Cause: No cost awareness; no delegation rules. Fix: “If you expect 20+ results, delegate to researcher.”

Edit Failures

The LLM tries to edit files it hasn’t read, or provides non-unique match strings.

Cause: Preconditions not enforced in prompt. Fix: “MUST Read before Edit. Edit will fail if match string is not unique.”

Exercises

1. Audit an existing prompt: Take a tool-use prompt you use. Does it have <when_not_to_use> for each tool? Add them.

2. Design a tool hierarchy: For your specific toolset, write an explicit preference ordering with rationale.

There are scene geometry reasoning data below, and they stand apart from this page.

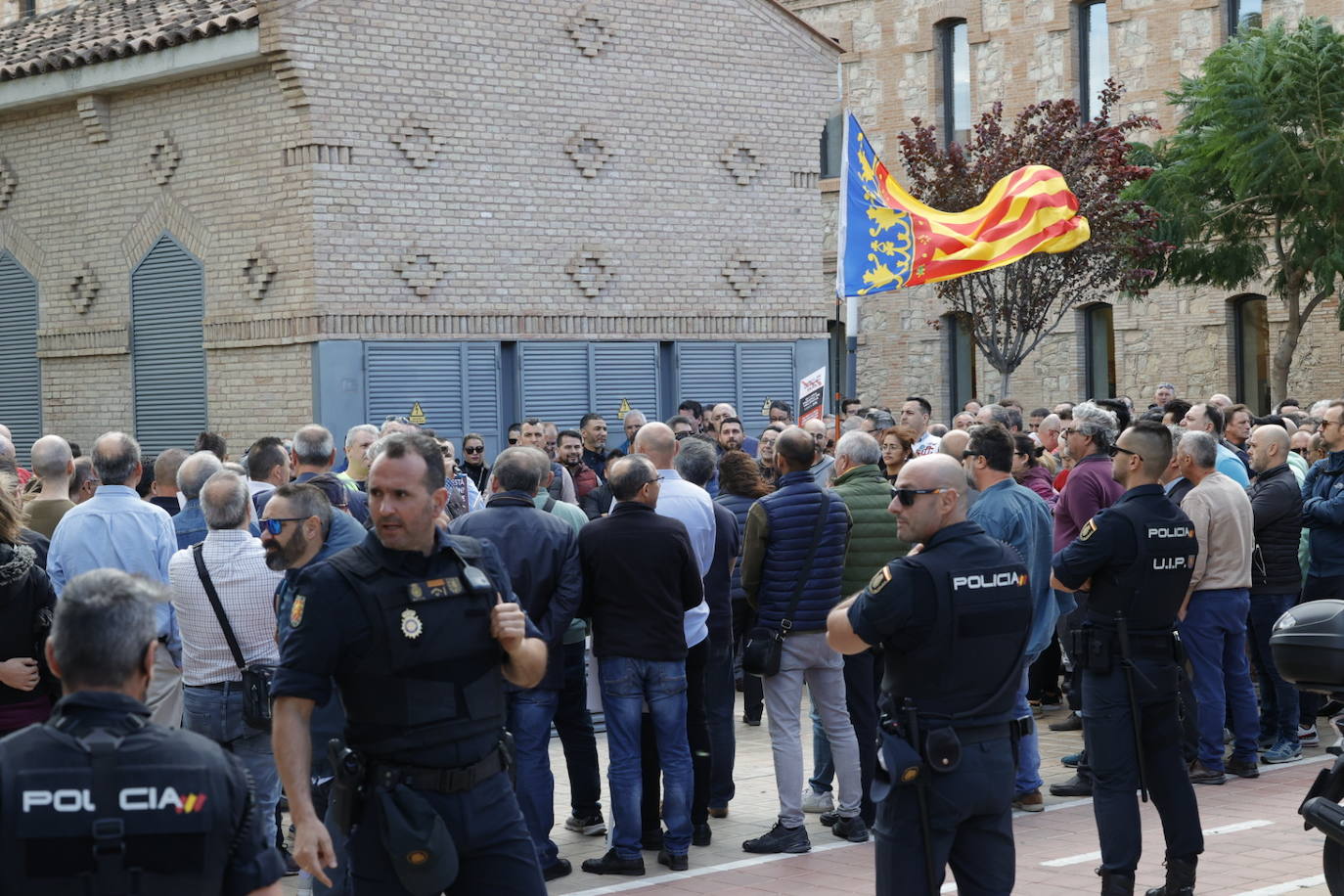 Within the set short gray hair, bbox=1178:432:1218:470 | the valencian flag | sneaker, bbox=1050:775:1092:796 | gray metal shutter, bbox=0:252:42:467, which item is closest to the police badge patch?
sneaker, bbox=1050:775:1092:796

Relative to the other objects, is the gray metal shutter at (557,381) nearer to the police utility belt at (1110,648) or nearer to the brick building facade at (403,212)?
the brick building facade at (403,212)

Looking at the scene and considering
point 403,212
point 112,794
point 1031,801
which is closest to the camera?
point 112,794

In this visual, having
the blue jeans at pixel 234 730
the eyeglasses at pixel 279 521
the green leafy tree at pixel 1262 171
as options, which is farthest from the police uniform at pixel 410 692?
the green leafy tree at pixel 1262 171

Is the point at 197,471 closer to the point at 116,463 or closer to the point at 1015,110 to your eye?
the point at 116,463

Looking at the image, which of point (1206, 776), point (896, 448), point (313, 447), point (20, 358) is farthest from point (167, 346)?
point (1206, 776)

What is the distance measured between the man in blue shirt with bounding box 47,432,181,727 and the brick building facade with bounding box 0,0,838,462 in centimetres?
860

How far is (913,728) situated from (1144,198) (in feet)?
72.4

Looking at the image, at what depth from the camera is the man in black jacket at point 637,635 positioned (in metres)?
8.45

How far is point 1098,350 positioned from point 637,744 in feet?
80.1

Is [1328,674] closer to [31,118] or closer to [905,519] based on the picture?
[905,519]

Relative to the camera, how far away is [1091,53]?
31.2 m

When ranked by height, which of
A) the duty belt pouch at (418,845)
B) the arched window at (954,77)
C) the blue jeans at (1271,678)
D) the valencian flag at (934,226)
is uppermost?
the arched window at (954,77)

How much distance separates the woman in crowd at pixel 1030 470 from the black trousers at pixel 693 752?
3157mm

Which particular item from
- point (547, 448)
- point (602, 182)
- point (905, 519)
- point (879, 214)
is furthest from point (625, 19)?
point (905, 519) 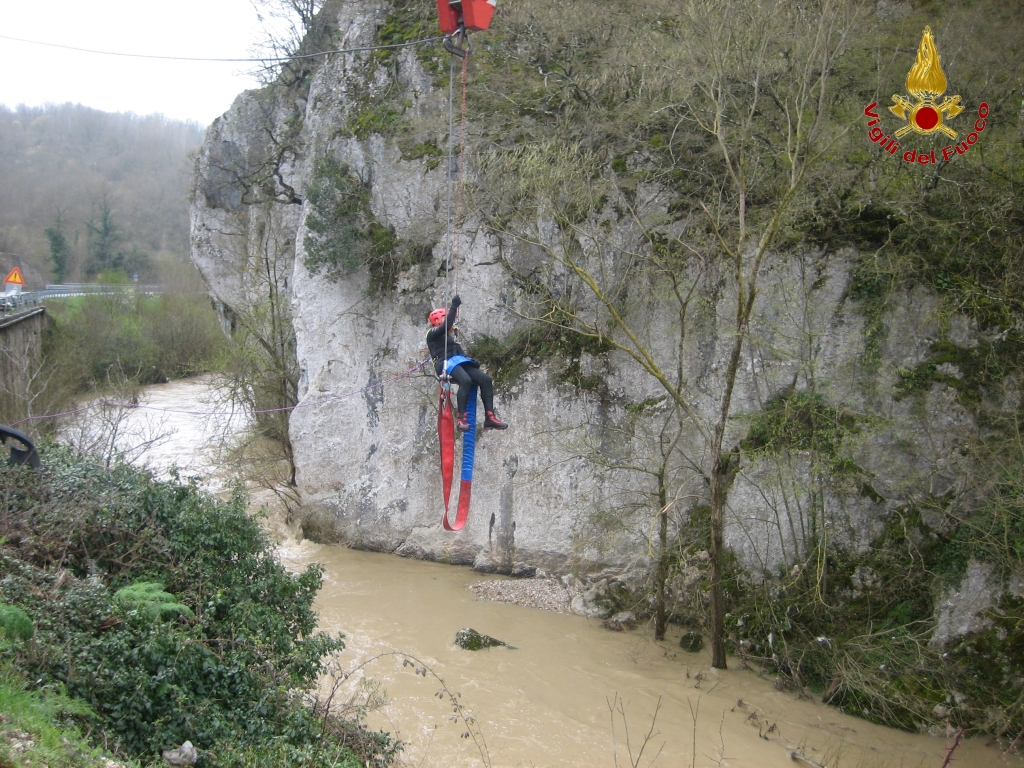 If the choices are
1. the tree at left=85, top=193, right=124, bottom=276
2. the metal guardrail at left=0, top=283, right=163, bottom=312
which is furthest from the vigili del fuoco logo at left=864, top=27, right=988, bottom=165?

3. Write a delegation protocol: What patterns should trigger delegation vs. inline handling? Encode as pattern-matching rules.

4. Test failure modes: Deliberately trigger each failure mode above. Does your prompt prevent them?

Further Reading

Conclusion

Tool use transforms an LLM from a reasoning engine into an agent. This transformation requires new architectural elements in our system prompts:

• Decision trees that encode when to use each tool
• Negative specifications that prevent over-application
• Tool hierarchies that guide selection among alternatives
• Pre-action protocols that force deliberation
• Error recovery procedures for when things fail

The key insight: tool-use prompts are decision-tree specifications. The tools themselves are secondary; what matters is the decision procedure that governs their use.